*YOUR ASSIGNMENT*
Copy out exactly, from the entries that follow, the line holding "dimitriquiet05 live sex cam", the line holding "Фигурка &laquo;Домовой с", and all lines between them, but no pictures.

[RECORD EXTRACTS Boundary: Start]

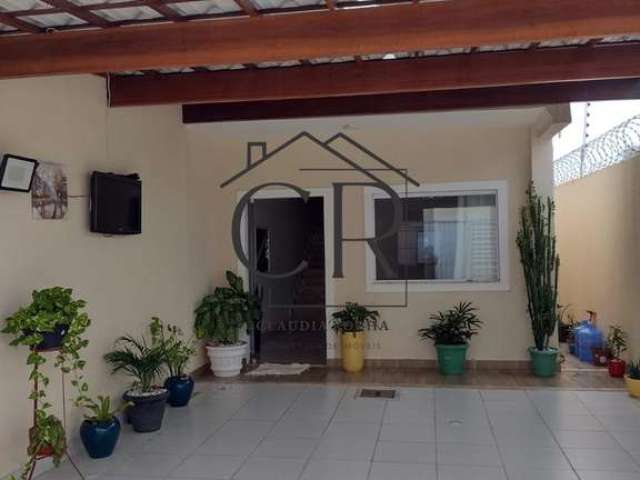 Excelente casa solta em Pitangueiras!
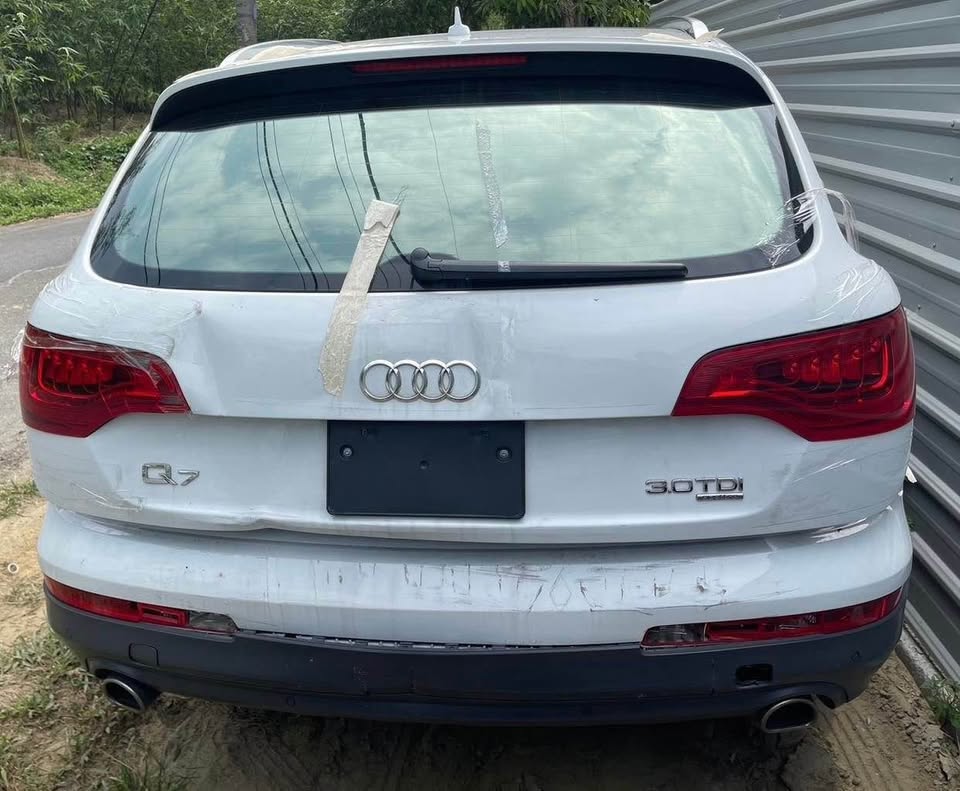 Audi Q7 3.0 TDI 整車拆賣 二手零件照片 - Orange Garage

[RECORD EXTRACTS Boundary: End]
[RECORD EXTRACTS Boundary: Start]

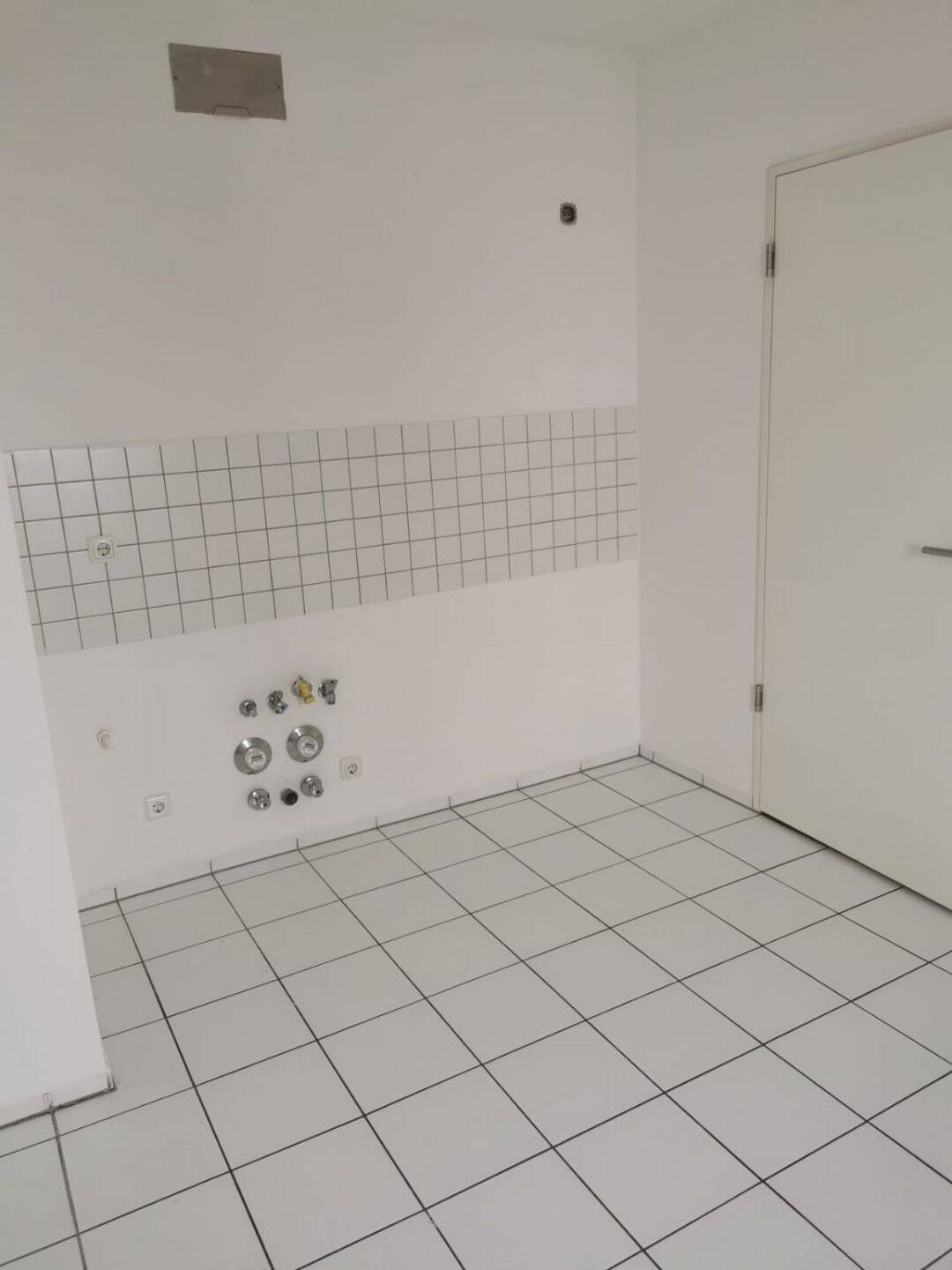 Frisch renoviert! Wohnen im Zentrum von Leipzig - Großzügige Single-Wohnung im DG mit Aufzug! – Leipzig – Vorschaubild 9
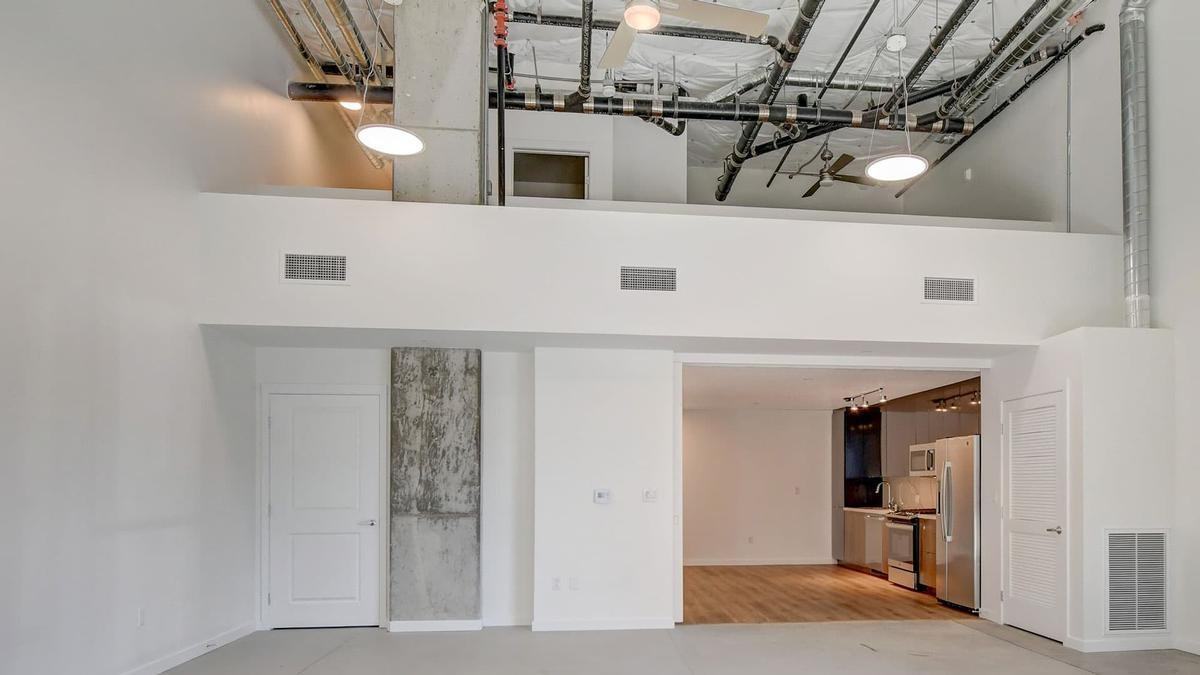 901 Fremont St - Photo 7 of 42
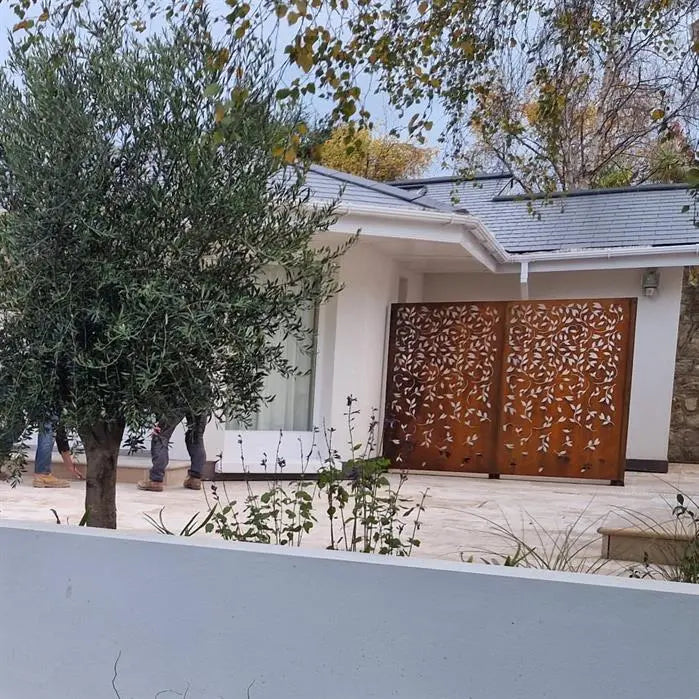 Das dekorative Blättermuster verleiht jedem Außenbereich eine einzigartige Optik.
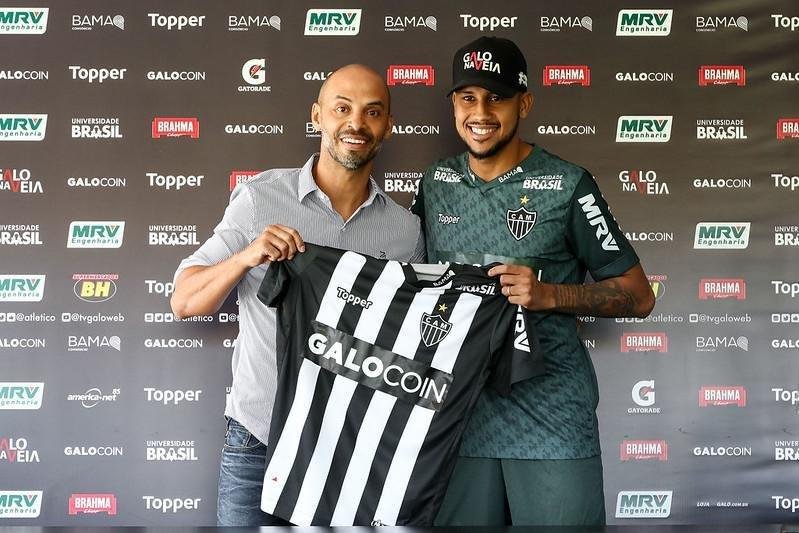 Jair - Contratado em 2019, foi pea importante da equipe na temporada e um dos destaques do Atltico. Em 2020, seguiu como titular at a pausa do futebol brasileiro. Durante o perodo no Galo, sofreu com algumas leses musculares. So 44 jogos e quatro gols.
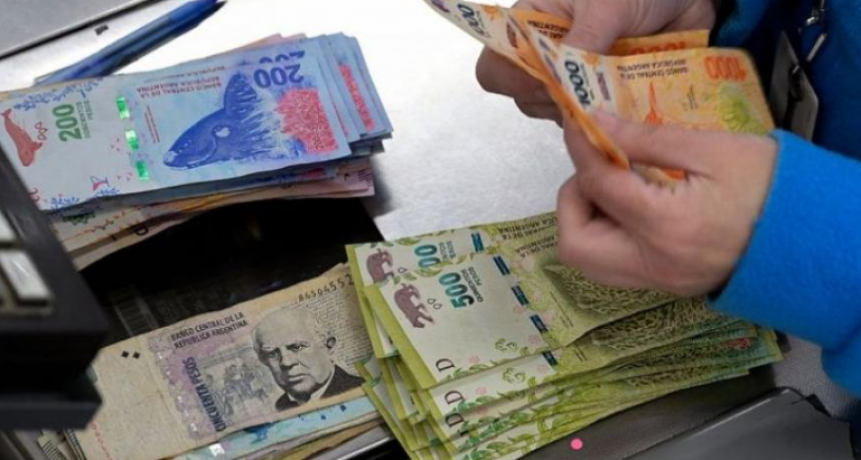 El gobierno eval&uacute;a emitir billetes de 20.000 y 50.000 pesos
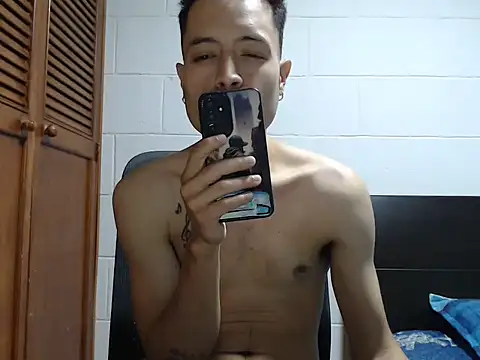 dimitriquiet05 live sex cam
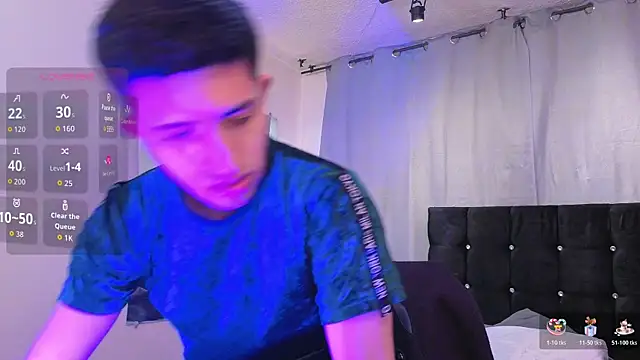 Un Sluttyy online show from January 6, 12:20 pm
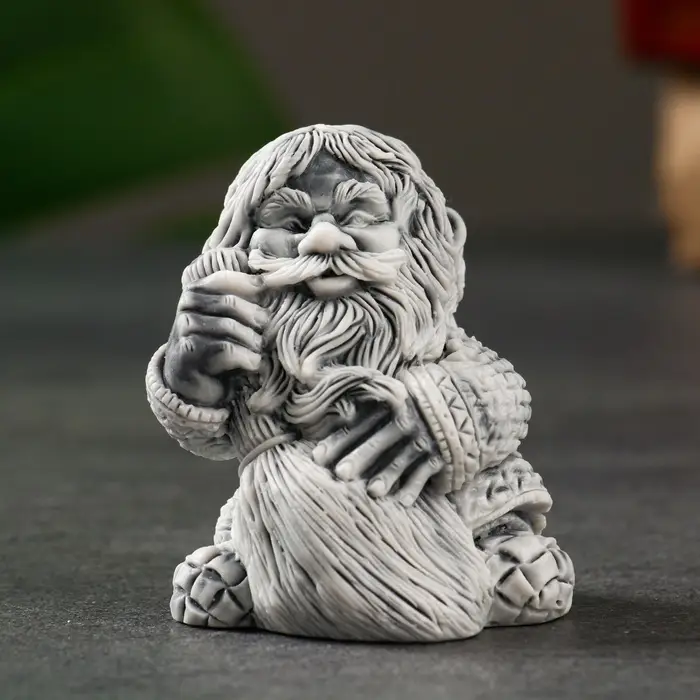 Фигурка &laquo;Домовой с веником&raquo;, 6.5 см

[RECORD EXTRACTS Boundary: End]
[RECORD EXTRACTS Boundary: Start]

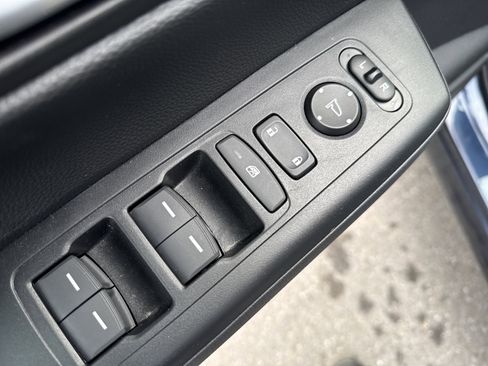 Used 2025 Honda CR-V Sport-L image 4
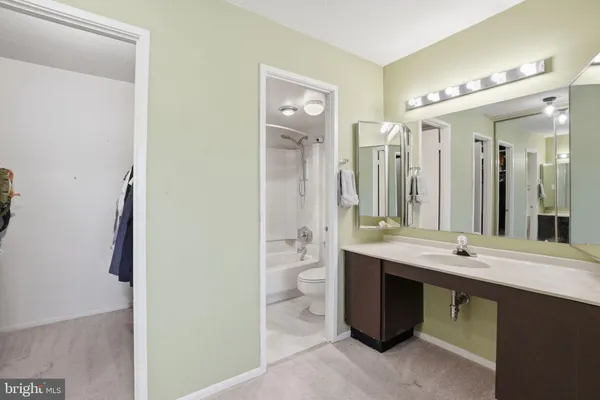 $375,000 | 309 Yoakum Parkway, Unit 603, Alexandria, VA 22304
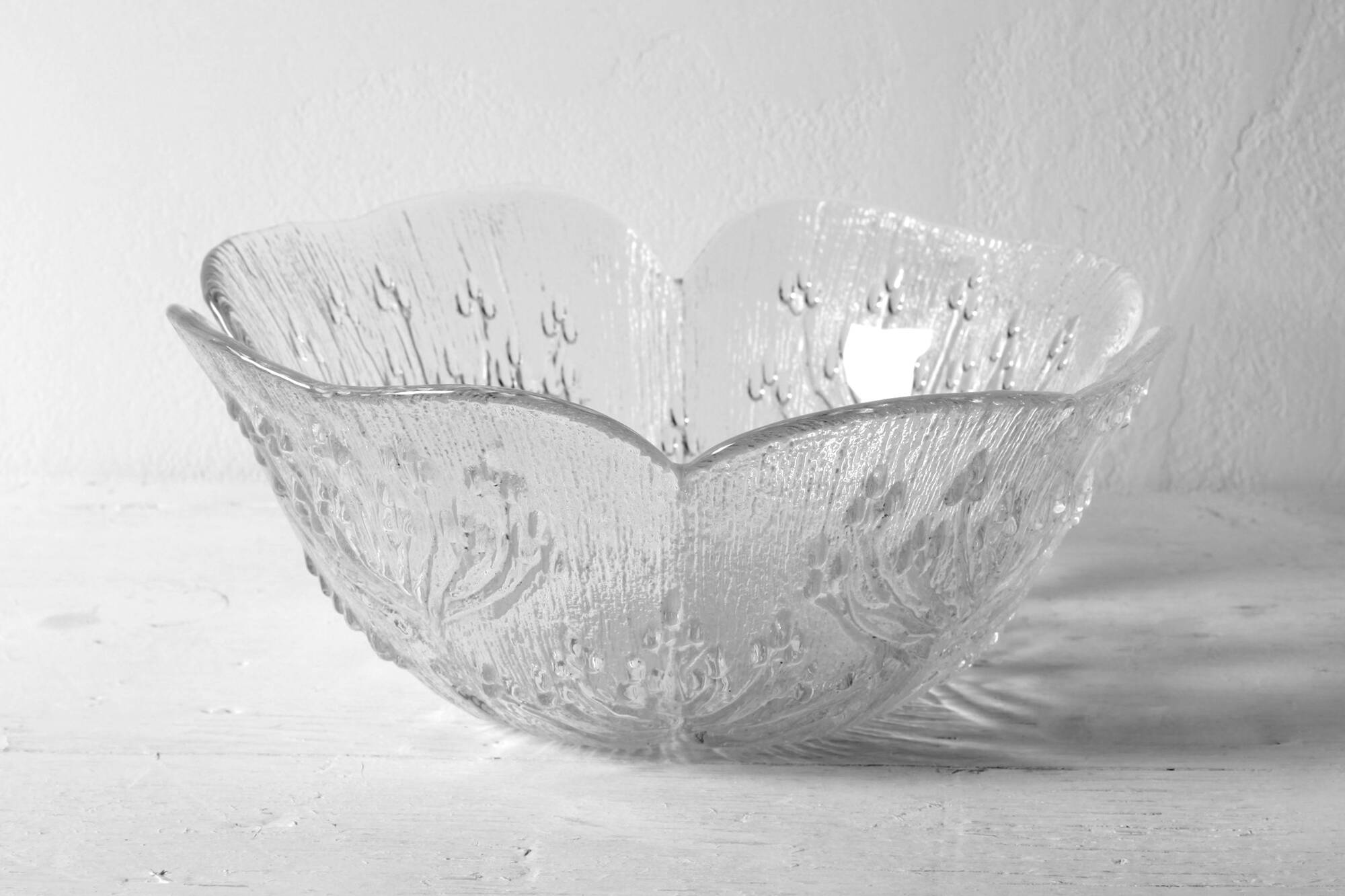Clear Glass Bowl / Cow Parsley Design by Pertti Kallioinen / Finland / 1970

[RECORD EXTRACTS Boundary: End]

*ANSWER BOX*
 dimitriquiet05 live sex cam
 Un Sluttyy online show from January 6, 12:20 pm
 Фигурка &laquo;Домовой с веником&raquo;, 6.5 см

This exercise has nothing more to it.